Surveying the X-ray Sky
Many astronomical sources emit significant amounts of X-rays: matter swirling around black holes or neutron stars, hot plasma in galaxy clusters or near newborn stars, flares from white dwarfs, and more. These sources are rare, so the best way to spot them is to look at large areas of the sky, such as those provided by images in the Chandra archives. Those images were often taken for entirely different scientific reasons, but since they span a larger region of the sky, they also serendipitously contain a number of other X-ray sources of many types.
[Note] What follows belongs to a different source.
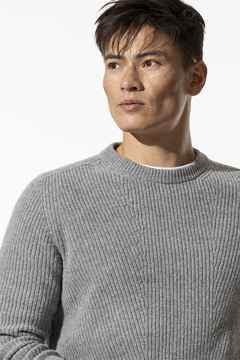 Ein Mann trägt einen Strickpullover in Grau.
Chandra is particularly good for that kind of work, since it is both sensitive to relatively faint X-ray sources and sufficiently high resolution to distinguish details in what it sees. The ChaMP and ChaMPlane surveys work by pointing Chandra at particular places in the sky chosen to be empty of certain bright X-ray sources and seeing what can be identified. As the “multiwavelength” part of both names indicates, any sources found are observed with telescopes that use other parts of the spectrum.
The difference in the surveys is in what they survey. ChaMP is designed to look for deep-space objects: quasars; clusters of galaxies; black holes eating stars in other galaxies; and other extragalactic sources. ChaMPlane works in a similar way, but hunting for sources within the plane of the Milky Way: binary systems consisting of stars in orbit around neutron stars or black holes; cataclysmic variable stars; bright protostellar objects; and other galactic bodies.
The ChaMP and ChaMPlane surveys are managed from the CfA, with collaborators at other institutions including the National Optical Astronomical Observatory (NOAO), NASA, and an international consortium of universities.